Mysql – How to optimize thesql table of 2 billions rows

MySQLperformanceperformance-tuning

We have a table for logging actions. The volume added up pretty fast. After about 3-4 months, we got 600M rows, we need to store the data for 1 year at least, so it is expected to host 2-3 billions rows.

The structure is not very complicated:

    CREATE TABLE `site_statistic` (
     `id` int(10) unsigned NOT NULL AUTO_INCREMENT,
     `entityType` varchar(50) NOT NULL,
     `entityId` int(10) unsigned NOT NULL,
     `entityCount` int(10) unsigned NOT NULL DEFAULT '1',
     `timeStamp` int(10) unsigned NOT NULL,
     PRIMARY KEY (`id`),
     KEY `entity` (`entityType`,`timeStamp`,`entityId`)
    ) ENGINE=MyISAM CHARSET=utf8

Sample data:

  • when a user logs in:
    entityType = "user.login" , entityId = that user Id , entityCount= 1 most of the time
  • when a product is added:
    entityType = "product.add" , entityId = that productId , entityCount= 1
  • when a product is clicked:
    entityType = "product.clicked" , entityId = that productId , entityCount= 1
  • when an album is liked:
    entityType = "album .liked" , entityId = that album id..
  • so on and so forth.

Currently, data insert is not a problem (yet). But reading the data is very slow. It took 90+ seconds to query product activities for a given period of time:

   SELECT
            `entityType`,
            DATE_FORMAT(FROM_UNIXTIME(`timeStamp`), "%e") AS `category`,
            SUM(`entityCount`) as `count`
        FROM
            `site_statistic`
        WHERE
            `entityType` IN ('product.displayed','product.clicked','product.add')
                AND
            `timeStamp` >= 1527267600
                AND
            `timeStamp` <= 1527872399 AND entityId = 12807
        GROUP BY
            `entityType`,
            `category`;

Mysql crashed (or rather not responding) from time to time when many statistic reports are required at the same time.

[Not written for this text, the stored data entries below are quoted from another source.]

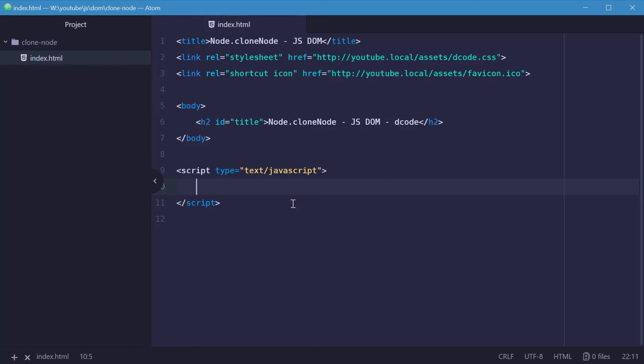How's it going guys? My name is Dom and today I want to talk about the node.cloneNode method in the JavaScript document object model. This cloneNode method allows you to make a copy or clone of another node. We're going to see how this works by using an unordered list as an example.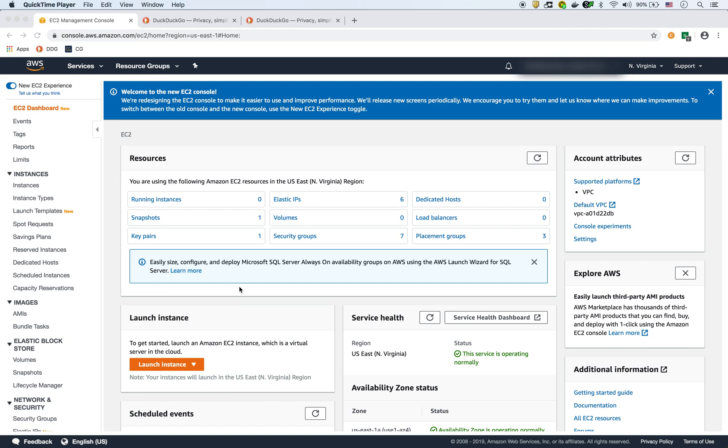In this video we're going to show how to do EC2 user data, so that means we'll be able to install an Apache Linux web server on an EC2 right when it starts up, so then we don't have to go in and manually install it after the fact.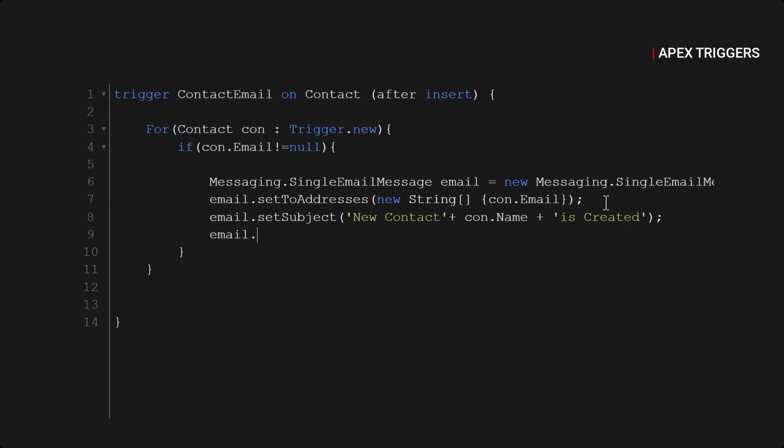Next parameter will be the body of our email template, so that will be setPlainTextBody.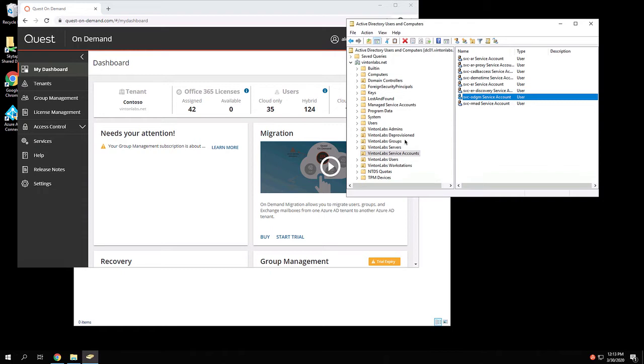This on-premises agent will exist on a server and will communicate and form the liaison between the on-premises Active Directory environment and the Quest On-Demand Software as a Service.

Deleting the data (related to a product for example) is also very slow. We need to delete to save space…

What can we do to improve it, apart from disable real time report and send later by email?

P.s.: Our client can be considered small (few guys hosting a website with modest profit) not some crazy enterprise solution.

Best Answer

  • Use InnoDB.

  • Normalize entityType or turn it into an ENUM.

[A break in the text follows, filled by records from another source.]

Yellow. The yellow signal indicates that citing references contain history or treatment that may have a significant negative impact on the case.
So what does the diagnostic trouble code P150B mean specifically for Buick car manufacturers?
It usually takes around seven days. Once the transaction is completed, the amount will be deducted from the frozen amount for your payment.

  • Change INT UNSIGNED (always 4 bytes) into a suitable sized int)

  • If the 3-column key is unique, then make it the PRIMARY KEY and toss id

  • id, if kept, will need to be BIGINT UNSIGNED -- you are getting too close to the 4 billion limit of INT UNSIGNED.

  • The optimal order for the index: (entityId, entityType, timeStamp), or possibly (entityId, timeStamp)

  • Minimize the number of indexes on a DataWarehouse table.

  • For purging data after a year, DELETE will be painful. Instead PARTITION BY RANGE and use months: http://mysql.rjweb.org/doc.php/partitionmaint

  • If you get in trouble with the ingestion rate: http://mysql.rjweb.org/doc.php/staging_table

  • If you keep id, then do

this trick:

PRIMARY KEY (entityId, timeStamp, id)
INDEX(id)

This, together with InnoDB, makes the data for that SELECT mostly 'clustered', hence faster to fetch.

But the big fix to that query, and similar "report" queries in a Data Warehouse (which what you have), comes from building and maintaining Summary table(s): http://mysql.rjweb.org/doc.php/summarytables

The summary table to support that would look something like:

CREATE TABLE summary (
    entityType VARCHAR... -- denormalized
    dy  -- timestamp truncated to the day
    entityId
    sumCount  -- SUM(entityCount); use SUM(sumCount) to get weekly total (etc)
    PRIMARY KEY(entityid, entityType, dy)

See the link for various ways to keep the summary table updated.

addenda

Munch on what I said. Then think about how it splitting into multiple similar tables based on entityType.

One simplicity -- count is always "1" for some Types, so you don't need a count column (except in the Summary table for that Type).